## [RECORD EXTRACTS]
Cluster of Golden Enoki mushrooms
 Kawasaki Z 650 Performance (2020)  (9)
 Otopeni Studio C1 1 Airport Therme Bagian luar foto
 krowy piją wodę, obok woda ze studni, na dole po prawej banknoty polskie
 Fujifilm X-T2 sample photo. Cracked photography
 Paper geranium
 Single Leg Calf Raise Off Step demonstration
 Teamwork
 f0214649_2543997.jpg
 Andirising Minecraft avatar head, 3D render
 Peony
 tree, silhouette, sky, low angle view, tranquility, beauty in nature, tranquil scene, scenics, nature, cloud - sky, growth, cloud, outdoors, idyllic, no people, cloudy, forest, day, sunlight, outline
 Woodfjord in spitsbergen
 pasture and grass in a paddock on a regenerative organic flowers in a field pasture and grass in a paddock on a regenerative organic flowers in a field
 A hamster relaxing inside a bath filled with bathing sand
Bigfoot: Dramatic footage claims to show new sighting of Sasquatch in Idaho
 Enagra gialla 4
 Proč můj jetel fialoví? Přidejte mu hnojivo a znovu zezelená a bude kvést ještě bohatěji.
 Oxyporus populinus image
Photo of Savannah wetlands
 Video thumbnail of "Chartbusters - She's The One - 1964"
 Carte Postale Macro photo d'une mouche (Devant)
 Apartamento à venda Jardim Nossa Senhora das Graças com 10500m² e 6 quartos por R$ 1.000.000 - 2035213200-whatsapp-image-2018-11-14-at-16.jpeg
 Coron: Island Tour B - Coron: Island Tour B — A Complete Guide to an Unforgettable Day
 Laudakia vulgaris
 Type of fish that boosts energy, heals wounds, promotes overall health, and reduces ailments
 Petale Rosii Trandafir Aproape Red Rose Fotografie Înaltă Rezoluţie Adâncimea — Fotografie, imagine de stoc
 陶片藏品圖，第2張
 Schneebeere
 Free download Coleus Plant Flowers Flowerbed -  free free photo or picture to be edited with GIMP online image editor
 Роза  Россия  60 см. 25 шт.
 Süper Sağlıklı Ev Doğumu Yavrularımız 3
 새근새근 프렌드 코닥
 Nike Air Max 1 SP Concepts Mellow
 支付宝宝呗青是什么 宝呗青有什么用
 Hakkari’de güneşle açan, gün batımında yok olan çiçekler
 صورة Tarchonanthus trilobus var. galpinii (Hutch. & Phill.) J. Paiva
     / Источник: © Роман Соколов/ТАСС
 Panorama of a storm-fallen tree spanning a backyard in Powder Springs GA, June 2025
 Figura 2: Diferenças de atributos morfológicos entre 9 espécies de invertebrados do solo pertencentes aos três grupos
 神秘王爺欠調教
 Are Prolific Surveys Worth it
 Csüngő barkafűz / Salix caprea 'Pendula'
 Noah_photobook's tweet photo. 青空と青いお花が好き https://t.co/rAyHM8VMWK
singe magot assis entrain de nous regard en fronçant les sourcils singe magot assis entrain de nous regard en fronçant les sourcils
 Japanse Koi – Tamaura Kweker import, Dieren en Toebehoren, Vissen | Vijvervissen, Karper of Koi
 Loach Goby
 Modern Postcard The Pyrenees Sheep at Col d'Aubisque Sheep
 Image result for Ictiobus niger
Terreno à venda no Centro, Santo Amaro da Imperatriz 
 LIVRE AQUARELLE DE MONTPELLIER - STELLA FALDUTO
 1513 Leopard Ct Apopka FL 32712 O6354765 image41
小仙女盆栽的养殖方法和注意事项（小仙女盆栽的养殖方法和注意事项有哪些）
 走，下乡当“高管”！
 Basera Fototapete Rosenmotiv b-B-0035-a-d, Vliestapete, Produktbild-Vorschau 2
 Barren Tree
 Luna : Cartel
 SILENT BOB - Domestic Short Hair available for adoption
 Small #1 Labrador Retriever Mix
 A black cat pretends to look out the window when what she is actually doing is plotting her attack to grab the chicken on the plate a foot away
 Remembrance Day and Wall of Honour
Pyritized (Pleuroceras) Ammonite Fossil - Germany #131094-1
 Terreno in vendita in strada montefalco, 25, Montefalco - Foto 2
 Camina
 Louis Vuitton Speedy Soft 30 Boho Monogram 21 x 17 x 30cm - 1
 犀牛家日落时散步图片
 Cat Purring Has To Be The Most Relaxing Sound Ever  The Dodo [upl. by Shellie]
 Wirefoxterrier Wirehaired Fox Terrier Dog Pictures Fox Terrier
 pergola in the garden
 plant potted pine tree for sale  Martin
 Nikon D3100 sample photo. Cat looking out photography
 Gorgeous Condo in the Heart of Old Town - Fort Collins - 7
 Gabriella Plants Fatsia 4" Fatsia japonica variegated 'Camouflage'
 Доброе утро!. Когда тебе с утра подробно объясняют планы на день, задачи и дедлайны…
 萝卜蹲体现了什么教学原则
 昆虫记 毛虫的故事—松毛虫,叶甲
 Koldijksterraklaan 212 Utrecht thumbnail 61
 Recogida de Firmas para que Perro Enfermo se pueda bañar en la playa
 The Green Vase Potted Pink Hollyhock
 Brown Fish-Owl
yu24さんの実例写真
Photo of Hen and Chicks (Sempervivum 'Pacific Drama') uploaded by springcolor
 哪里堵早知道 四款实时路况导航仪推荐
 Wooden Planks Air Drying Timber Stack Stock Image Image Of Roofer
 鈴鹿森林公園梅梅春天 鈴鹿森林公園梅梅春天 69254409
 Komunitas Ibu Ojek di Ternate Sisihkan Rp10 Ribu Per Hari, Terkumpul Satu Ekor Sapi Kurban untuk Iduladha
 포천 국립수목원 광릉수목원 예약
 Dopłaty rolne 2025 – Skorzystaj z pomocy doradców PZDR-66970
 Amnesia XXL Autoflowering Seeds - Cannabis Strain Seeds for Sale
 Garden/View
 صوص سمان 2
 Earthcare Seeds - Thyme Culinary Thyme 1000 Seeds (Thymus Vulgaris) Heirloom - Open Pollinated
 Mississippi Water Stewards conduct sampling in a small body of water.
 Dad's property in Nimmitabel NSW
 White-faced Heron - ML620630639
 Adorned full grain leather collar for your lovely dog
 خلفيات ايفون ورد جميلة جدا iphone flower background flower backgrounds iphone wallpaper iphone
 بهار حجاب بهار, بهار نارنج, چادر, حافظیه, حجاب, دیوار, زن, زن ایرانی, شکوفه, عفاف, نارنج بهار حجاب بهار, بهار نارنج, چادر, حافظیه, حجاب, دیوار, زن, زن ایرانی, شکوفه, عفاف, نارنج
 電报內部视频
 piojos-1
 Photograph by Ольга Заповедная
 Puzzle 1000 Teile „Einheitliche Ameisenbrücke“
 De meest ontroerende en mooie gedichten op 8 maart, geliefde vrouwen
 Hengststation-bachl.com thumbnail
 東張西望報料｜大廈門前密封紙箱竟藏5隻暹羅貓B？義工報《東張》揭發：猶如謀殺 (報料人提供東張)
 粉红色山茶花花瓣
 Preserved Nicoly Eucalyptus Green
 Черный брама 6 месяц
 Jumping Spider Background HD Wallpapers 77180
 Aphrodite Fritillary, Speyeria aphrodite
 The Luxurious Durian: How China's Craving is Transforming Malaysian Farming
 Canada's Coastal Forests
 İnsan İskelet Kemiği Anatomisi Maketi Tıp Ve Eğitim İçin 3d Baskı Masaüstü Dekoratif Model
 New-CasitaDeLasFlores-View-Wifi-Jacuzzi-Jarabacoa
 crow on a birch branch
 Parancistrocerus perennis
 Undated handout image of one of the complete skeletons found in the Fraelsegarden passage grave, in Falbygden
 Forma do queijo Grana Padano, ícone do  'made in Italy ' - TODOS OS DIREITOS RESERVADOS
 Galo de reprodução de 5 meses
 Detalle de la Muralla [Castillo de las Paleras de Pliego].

## [TASK DESCRIPTION]
With nothing added or dropped, reproduce all the data exactly.

## [RESULT OF THE TASK]
Cluster of Golden Enoki mushrooms
 Kawasaki Z 650 Performance (2020)  (9)
 Otopeni Studio C1 1 Airport Therme Bagian luar foto
 krowy piją wodę, obok woda ze studni, na dole po prawej banknoty polskie
 Fujifilm X-T2 sample photo. Cracked photography
 Paper geranium
 Single Leg Calf Raise Off Step demonstration
 Teamwork
 f0214649_2543997.jpg
 Andirising Minecraft avatar head, 3D render
 Peony
 tree, silhouette, sky, low angle view, tranquility, beauty in nature, tranquil scene, scenics, nature, cloud - sky, growth, cloud, outdoors, idyllic, no people, cloudy, forest, day, sunlight, outline
 Woodfjord in spitsbergen
 pasture and grass in a paddock on a regenerative organic flowers in a field pasture and grass in a paddock on a regenerative organic flowers in a field
 A hamster relaxing inside a bath filled with bathing sand
Bigfoot: Dramatic footage claims to show new sighting of Sasquatch in Idaho
 Enagra gialla 4
 Proč můj jetel fialoví? Přidejte mu hnojivo a znovu zezelená a bude kvést ještě bohatěji.
 Oxyporus populinus image
Photo of Savannah wetlands
 Video thumbnail of "Chartbusters - She's The One - 1964"
 Carte Postale Macro photo d'une mouche (Devant)
 Apartamento à venda Jardim Nossa Senhora das Graças com 10500m² e 6 quartos por R$ 1.000.000 - 2035213200-whatsapp-image-2018-11-14-at-16.jpeg
 Coron: Island Tour B - Coron: Island Tour B — A Complete Guide to an Unforgettable Day
 Laudakia vulgaris
 Type of fish that boosts energy, heals wounds, promotes overall health, and reduces ailments
 Petale Rosii Trandafir Aproape Red Rose Fotografie Înaltă Rezoluţie Adâncimea — Fotografie, imagine de stoc
 陶片藏品圖，第2張
 Schneebeere
 Free download Coleus Plant Flowers Flowerbed -  free free photo or picture to be edited with GIMP online image editor
 Роза  Россия  60 см. 25 шт.
 Süper Sağlıklı Ev Doğumu Yavrularımız 3
 새근새근 프렌드 코닥
 Nike Air Max 1 SP Concepts Mellow
 支付宝宝呗青是什么 宝呗青有什么用
 Hakkari’de güneşle açan, gün batımında yok olan çiçekler
 صورة Tarchonanthus trilobus var. galpinii (Hutch. & Phill.) J. Paiva
     / Источник: © Роман Соколов/ТАСС
 Panorama of a storm-fallen tree spanning a backyard in Powder Springs GA, June 2025
 Figura 2: Diferenças de atributos morfológicos entre 9 espécies de invertebrados do solo pertencentes aos três grupos
 神秘王爺欠調教
 Are Prolific Surveys Worth it
 Csüngő barkafűz / Salix caprea 'Pendula'
 Noah_photobook's tweet photo. 青空と青いお花が好き https://t.co/rAyHM8VMWK
singe magot assis entrain de nous regard en fronçant les sourcils singe magot assis entrain de nous regard en fronçant les sourcils
 Japanse Koi – Tamaura Kweker import, Dieren en Toebehoren, Vissen | Vijvervissen, Karper of Koi
 Loach Goby
 Modern Postcard The Pyrenees Sheep at Col d'Aubisque Sheep
 Image result for Ictiobus niger
Terreno à venda no Centro, Santo Amaro da Imperatriz 
 LIVRE AQUARELLE DE MONTPELLIER - STELLA FALDUTO
 1513 Leopard Ct Apopka FL 32712 O6354765 image41
小仙女盆栽的养殖方法和注意事项（小仙女盆栽的养殖方法和注意事项有哪些）
 走，下乡当“高管”！
 Basera Fototapete Rosenmotiv b-B-0035-a-d, Vliestapete, Produktbild-Vorschau 2
 Barren Tree
 Luna : Cartel
 SILENT BOB - Domestic Short Hair available for adoption
 Small #1 Labrador Retriever Mix
 A black cat pretends to look out the window when what she is actually doing is plotting her attack to grab the chicken on the plate a foot away
 Remembrance Day and Wall of Honour
Pyritized (Pleuroceras) Ammonite Fossil - Germany #131094-1
 Terreno in vendita in strada montefalco, 25, Montefalco - Foto 2
 Camina
 Louis Vuitton Speedy Soft 30 Boho Monogram 21 x 17 x 30cm - 1
 犀牛家日落时散步图片
 Cat Purring Has To Be The Most Relaxing Sound Ever  The Dodo [upl. by Shellie]
 Wirefoxterrier Wirehaired Fox Terrier Dog Pictures Fox Terrier
 pergola in the garden
 plant potted pine tree for sale  Martin
 Nikon D3100 sample photo. Cat looking out photography
 Gorgeous Condo in the Heart of Old Town - Fort Collins - 7
 Gabriella Plants Fatsia 4" Fatsia japonica variegated 'Camouflage'
 Доброе утро!. Когда тебе с утра подробно объясняют планы на день, задачи и дедлайны…
 萝卜蹲体现了什么教学原则
 昆虫记 毛虫的故事—松毛虫,叶甲
 Koldijksterraklaan 212 Utrecht thumbnail 61
 Recogida de Firmas para que Perro Enfermo se pueda bañar en la playa
 The Green Vase Potted Pink Hollyhock
 Brown Fish-Owl
yu24さんの実例写真
Photo of Hen and Chicks (Sempervivum 'Pacific Drama') uploaded by springcolor
 哪里堵早知道 四款实时路况导航仪推荐
 Wooden Planks Air Drying Timber Stack Stock Image Image Of Roofer
 鈴鹿森林公園梅梅春天 鈴鹿森林公園梅梅春天 69254409
 Komunitas Ibu Ojek di Ternate Sisihkan Rp10 Ribu Per Hari, Terkumpul Satu Ekor Sapi Kurban untuk Iduladha
 포천 국립수목원 광릉수목원 예약
 Dopłaty rolne 2025 – Skorzystaj z pomocy doradców PZDR-66970
 Amnesia XXL Autoflowering Seeds - Cannabis Strain Seeds for Sale
 Garden/View
 صوص سمان 2
 Earthcare Seeds - Thyme Culinary Thyme 1000 Seeds (Thymus Vulgaris) Heirloom - Open Pollinated
 Mississippi Water Stewards conduct sampling in a small body of water.
 Dad's property in Nimmitabel NSW
 White-faced Heron - ML620630639
 Adorned full grain leather collar for your lovely dog
 خلفيات ايفون ورد جميلة جدا iphone flower background flower backgrounds iphone wallpaper iphone
 بهار حجاب بهار, بهار نارنج, چادر, حافظیه, حجاب, دیوار, زن, زن ایرانی, شکوفه, عفاف, نارنج بهار حجاب بهار, بهار نارنج, چادر, حافظیه, حجاب, دیوار, زن, زن ایرانی, شکوفه, عفاف, نارنج
 電报內部视频
 piojos-1
 Photograph by Ольга Заповедная
 Puzzle 1000 Teile „Einheitliche Ameisenbrücke“
 De meest ontroerende en mooie gedichten op 8 maart, geliefde vrouwen
 Hengststation-bachl.com thumbnail
 東張西望報料｜大廈門前密封紙箱竟藏5隻暹羅貓B？義工報《東張》揭發：猶如謀殺 (報料人提供東張)
 粉红色山茶花花瓣
 Preserved Nicoly Eucalyptus Green
 Черный брама 6 месяц
 Jumping Spider Background HD Wallpapers 77180
 Aphrodite Fritillary, Speyeria aphrodite
 The Luxurious Durian: How China's Craving is Transforming Malaysian Farming
 Canada's Coastal Forests
 İnsan İskelet Kemiği Anatomisi Maketi Tıp Ve Eğitim İçin 3d Baskı Masaüstü Dekoratif Model
 New-CasitaDeLasFlores-View-Wifi-Jacuzzi-Jarabacoa
 crow on a birch branch
 Parancistrocerus perennis
 Undated handout image of one of the complete skeletons found in the Fraelsegarden passage grave, in Falbygden
 Forma do queijo Grana Padano, ícone do  'made in Italy ' - TODOS OS DIREITOS RESERVADOS
 Galo de reprodução de 5 meses
 Detalle de la Muralla [Castillo de las Paleras de Pliego].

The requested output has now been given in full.